TASK DETAILS:
Exact output of all the records is required.

Start of DATA FOR PROCESSING

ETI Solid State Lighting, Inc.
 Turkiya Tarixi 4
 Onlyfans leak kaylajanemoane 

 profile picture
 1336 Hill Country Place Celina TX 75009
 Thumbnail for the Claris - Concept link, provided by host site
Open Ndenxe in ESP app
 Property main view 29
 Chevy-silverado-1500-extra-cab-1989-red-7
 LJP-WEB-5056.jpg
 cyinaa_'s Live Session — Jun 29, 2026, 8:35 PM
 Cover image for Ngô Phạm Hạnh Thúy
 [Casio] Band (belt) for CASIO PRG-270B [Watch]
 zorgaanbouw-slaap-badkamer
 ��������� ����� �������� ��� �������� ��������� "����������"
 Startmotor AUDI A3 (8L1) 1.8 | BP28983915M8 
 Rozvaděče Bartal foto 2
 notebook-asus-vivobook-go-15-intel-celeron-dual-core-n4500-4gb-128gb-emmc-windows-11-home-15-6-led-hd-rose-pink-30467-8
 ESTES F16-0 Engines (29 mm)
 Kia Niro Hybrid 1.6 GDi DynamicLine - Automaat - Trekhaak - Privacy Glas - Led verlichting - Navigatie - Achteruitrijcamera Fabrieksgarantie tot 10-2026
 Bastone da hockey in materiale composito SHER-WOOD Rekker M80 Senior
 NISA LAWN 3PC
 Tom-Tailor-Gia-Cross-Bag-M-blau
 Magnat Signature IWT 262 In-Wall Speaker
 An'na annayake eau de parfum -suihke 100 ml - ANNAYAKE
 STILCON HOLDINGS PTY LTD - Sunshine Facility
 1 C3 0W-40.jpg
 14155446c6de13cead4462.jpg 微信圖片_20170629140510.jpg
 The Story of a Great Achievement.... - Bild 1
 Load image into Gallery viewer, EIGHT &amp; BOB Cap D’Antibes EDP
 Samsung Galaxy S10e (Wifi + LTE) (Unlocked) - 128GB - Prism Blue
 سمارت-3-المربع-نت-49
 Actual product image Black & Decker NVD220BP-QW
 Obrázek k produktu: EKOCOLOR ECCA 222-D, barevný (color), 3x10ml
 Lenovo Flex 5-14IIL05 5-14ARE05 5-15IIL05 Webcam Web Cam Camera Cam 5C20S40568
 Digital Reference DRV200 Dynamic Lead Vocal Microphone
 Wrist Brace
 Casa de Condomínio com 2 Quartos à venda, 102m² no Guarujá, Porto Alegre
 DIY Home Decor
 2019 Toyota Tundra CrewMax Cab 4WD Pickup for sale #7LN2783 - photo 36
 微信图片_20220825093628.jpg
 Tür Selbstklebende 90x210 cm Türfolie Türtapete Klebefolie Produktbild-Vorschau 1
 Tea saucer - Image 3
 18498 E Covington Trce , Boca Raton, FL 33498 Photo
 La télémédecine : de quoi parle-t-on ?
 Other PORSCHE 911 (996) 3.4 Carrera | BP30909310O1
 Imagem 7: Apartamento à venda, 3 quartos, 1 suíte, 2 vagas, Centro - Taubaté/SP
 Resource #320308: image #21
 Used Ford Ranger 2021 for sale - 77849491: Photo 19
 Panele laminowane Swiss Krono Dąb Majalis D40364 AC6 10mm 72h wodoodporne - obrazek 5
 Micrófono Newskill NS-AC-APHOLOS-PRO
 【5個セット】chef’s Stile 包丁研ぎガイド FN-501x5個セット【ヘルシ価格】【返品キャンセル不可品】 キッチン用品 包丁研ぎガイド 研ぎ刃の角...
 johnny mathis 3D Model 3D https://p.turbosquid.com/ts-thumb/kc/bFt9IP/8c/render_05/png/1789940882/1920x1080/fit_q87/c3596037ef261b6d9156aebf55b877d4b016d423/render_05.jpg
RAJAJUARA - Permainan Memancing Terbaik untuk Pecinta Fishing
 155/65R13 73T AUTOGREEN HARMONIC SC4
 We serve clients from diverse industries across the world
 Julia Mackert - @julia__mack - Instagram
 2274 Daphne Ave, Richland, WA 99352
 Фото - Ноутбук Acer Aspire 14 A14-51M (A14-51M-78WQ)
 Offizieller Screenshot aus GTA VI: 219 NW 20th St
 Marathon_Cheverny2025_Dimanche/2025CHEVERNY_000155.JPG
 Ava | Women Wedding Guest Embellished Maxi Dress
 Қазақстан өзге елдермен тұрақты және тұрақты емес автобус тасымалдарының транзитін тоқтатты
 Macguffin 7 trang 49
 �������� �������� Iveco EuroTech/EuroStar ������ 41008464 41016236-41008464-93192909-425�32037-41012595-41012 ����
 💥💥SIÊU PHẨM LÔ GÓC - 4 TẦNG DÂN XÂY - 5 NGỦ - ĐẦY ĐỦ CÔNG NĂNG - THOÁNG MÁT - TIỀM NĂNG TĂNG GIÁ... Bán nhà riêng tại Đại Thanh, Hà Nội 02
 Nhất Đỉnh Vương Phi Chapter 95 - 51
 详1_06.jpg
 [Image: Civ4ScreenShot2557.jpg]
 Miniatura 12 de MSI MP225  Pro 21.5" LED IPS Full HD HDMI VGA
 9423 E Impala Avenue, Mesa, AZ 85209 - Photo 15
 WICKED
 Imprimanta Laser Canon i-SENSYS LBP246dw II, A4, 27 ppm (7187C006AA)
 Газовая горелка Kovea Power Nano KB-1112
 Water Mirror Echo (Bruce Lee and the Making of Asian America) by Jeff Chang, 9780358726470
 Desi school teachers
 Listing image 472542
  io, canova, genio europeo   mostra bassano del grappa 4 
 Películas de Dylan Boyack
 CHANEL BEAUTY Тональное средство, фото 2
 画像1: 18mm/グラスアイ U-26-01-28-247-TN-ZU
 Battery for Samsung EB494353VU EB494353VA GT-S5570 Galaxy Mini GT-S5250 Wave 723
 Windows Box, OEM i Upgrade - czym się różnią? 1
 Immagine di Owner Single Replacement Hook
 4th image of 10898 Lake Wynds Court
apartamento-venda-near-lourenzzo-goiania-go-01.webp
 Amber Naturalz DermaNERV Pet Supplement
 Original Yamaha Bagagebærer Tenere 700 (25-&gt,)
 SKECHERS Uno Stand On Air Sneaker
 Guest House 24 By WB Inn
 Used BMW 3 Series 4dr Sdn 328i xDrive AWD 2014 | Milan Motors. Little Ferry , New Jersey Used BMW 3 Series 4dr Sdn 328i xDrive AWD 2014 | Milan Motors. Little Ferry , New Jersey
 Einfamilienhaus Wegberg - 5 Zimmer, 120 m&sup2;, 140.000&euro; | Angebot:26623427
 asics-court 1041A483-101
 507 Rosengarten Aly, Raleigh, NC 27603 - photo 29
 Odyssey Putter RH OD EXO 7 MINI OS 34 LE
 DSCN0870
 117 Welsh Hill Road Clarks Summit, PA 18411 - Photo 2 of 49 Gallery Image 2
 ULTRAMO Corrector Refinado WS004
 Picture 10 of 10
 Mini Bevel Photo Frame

End of DATA FOR PROCESSING

RESPONSE:
ETI Solid State Lighting, Inc.
 Turkiya Tarixi 4
 Onlyfans leak kaylajanemoane 

 profile picture
 1336 Hill Country Place Celina TX 75009
 Thumbnail for the Claris - Concept link, provided by host site
Open Ndenxe in ESP app
 Property main view 29
 Chevy-silverado-1500-extra-cab-1989-red-7
 LJP-WEB-5056.jpg
 cyinaa_'s Live Session — Jun 29, 2026, 8:35 PM
 Cover image for Ngô Phạm Hạnh Thúy
 [Casio] Band (belt) for CASIO PRG-270B [Watch]
 zorgaanbouw-slaap-badkamer
 ��������� ����� �������� ��� �������� ��������� "����������"
 Startmotor AUDI A3 (8L1) 1.8 | BP28983915M8 
 Rozvaděče Bartal foto 2
 notebook-asus-vivobook-go-15-intel-celeron-dual-core-n4500-4gb-128gb-emmc-windows-11-home-15-6-led-hd-rose-pink-30467-8
 ESTES F16-0 Engines (29 mm)
 Kia Niro Hybrid 1.6 GDi DynamicLine - Automaat - Trekhaak - Privacy Glas - Led verlichting - Navigatie - Achteruitrijcamera Fabrieksgarantie tot 10-2026
 Bastone da hockey in materiale composito SHER-WOOD Rekker M80 Senior
 NISA LAWN 3PC
 Tom-Tailor-Gia-Cross-Bag-M-blau
 Magnat Signature IWT 262 In-Wall Speaker
 An'na annayake eau de parfum -suihke 100 ml - ANNAYAKE
 STILCON HOLDINGS PTY LTD - Sunshine Facility
 1 C3 0W-40.jpg
 14155446c6de13cead4462.jpg 微信圖片_20170629140510.jpg
 The Story of a Great Achievement.... - Bild 1
 Load image into Gallery viewer, EIGHT &amp; BOB Cap D’Antibes EDP
 Samsung Galaxy S10e (Wifi + LTE) (Unlocked) - 128GB - Prism Blue
 سمارت-3-المربع-نت-49
 Actual product image Black & Decker NVD220BP-QW
 Obrázek k produktu: EKOCOLOR ECCA 222-D, barevný (color), 3x10ml
 Lenovo Flex 5-14IIL05 5-14ARE05 5-15IIL05 Webcam Web Cam Camera Cam 5C20S40568
 Digital Reference DRV200 Dynamic Lead Vocal Microphone
 Wrist Brace
 Casa de Condomínio com 2 Quartos à venda, 102m² no Guarujá, Porto Alegre
 DIY Home Decor
 2019 Toyota Tundra CrewMax Cab 4WD Pickup for sale #7LN2783 - photo 36
 微信图片_20220825093628.jpg
 Tür Selbstklebende 90x210 cm Türfolie Türtapete Klebefolie Produktbild-Vorschau 1
 Tea saucer - Image 3
 18498 E Covington Trce , Boca Raton, FL 33498 Photo
 La télémédecine : de quoi parle-t-on ?
 Other PORSCHE 911 (996) 3.4 Carrera | BP30909310O1
 Imagem 7: Apartamento à venda, 3 quartos, 1 suíte, 2 vagas, Centro - Taubaté/SP
 Resource #320308: image #21
 Used Ford Ranger 2021 for sale - 77849491: Photo 19
 Panele laminowane Swiss Krono Dąb Majalis D40364 AC6 10mm 72h wodoodporne - obrazek 5
 Micrófono Newskill NS-AC-APHOLOS-PRO
 【5個セット】chef’s Stile 包丁研ぎガイド FN-501x5個セット【ヘルシ価格】【返品キャンセル不可品】 キッチン用品 包丁研ぎガイド 研ぎ刃の角...
 johnny mathis 3D Model 3D https://p.turbosquid.com/ts-thumb/kc/bFt9IP/8c/render_05/png/1789940882/1920x1080/fit_q87/c3596037ef261b6d9156aebf55b877d4b016d423/render_05.jpg
RAJAJUARA - Permainan Memancing Terbaik untuk Pecinta Fishing
 155/65R13 73T AUTOGREEN HARMONIC SC4
 We serve clients from diverse industries across the world
 Julia Mackert - @julia__mack - Instagram
 2274 Daphne Ave, Richland, WA 99352
 Фото - Ноутбук Acer Aspire 14 A14-51M (A14-51M-78WQ)
 Offizieller Screenshot aus GTA VI: 219 NW 20th St
 Marathon_Cheverny2025_Dimanche/2025CHEVERNY_000155.JPG
 Ava | Women Wedding Guest Embellished Maxi Dress
 Қазақстан өзге елдермен тұрақты және тұрақты емес автобус тасымалдарының транзитін тоқтатты
 Macguffin 7 trang 49
 �������� �������� Iveco EuroTech/EuroStar ������ 41008464 41016236-41008464-93192909-425�32037-41012595-41012 ����
 💥💥SIÊU PHẨM LÔ GÓC - 4 TẦNG DÂN XÂY - 5 NGỦ - ĐẦY ĐỦ CÔNG NĂNG - THOÁNG MÁT - TIỀM NĂNG TĂNG GIÁ... Bán nhà riêng tại Đại Thanh, Hà Nội 02
 Nhất Đỉnh Vương Phi Chapter 95 - 51
 详1_06.jpg
 [Image: Civ4ScreenShot2557.jpg]
 Miniatura 12 de MSI MP225  Pro 21.5" LED IPS Full HD HDMI VGA
 9423 E Impala Avenue, Mesa, AZ 85209 - Photo 15
 WICKED
 Imprimanta Laser Canon i-SENSYS LBP246dw II, A4, 27 ppm (7187C006AA)
 Газовая горелка Kovea Power Nano KB-1112
 Water Mirror Echo (Bruce Lee and the Making of Asian America) by Jeff Chang, 9780358726470
 Desi school teachers
 Listing image 472542
  io, canova, genio europeo   mostra bassano del grappa 4 
 Películas de Dylan Boyack
 CHANEL BEAUTY Тональное средство, фото 2
 画像1: 18mm/グラスアイ U-26-01-28-247-TN-ZU
 Battery for Samsung EB494353VU EB494353VA GT-S5570 Galaxy Mini GT-S5250 Wave 723
 Windows Box, OEM i Upgrade - czym się różnią? 1
 Immagine di Owner Single Replacement Hook
 4th image of 10898 Lake Wynds Court
apartamento-venda-near-lourenzzo-goiania-go-01.webp
 Amber Naturalz DermaNERV Pet Supplement
 Original Yamaha Bagagebærer Tenere 700 (25-&gt,)
 SKECHERS Uno Stand On Air Sneaker
 Guest House 24 By WB Inn
 Used BMW 3 Series 4dr Sdn 328i xDrive AWD 2014 | Milan Motors. Little Ferry , New Jersey Used BMW 3 Series 4dr Sdn 328i xDrive AWD 2014 | Milan Motors. Little Ferry , New Jersey
 Einfamilienhaus Wegberg - 5 Zimmer, 120 m&sup2;, 140.000&euro; | Angebot:26623427
 asics-court 1041A483-101
 507 Rosengarten Aly, Raleigh, NC 27603 - photo 29
 Odyssey Putter RH OD EXO 7 MINI OS 34 LE
 DSCN0870
 117 Welsh Hill Road Clarks Summit, PA 18411 - Photo 2 of 49 Gallery Image 2
 ULTRAMO Corrector Refinado WS004
 Picture 10 of 10
 Mini Bevel Photo Frame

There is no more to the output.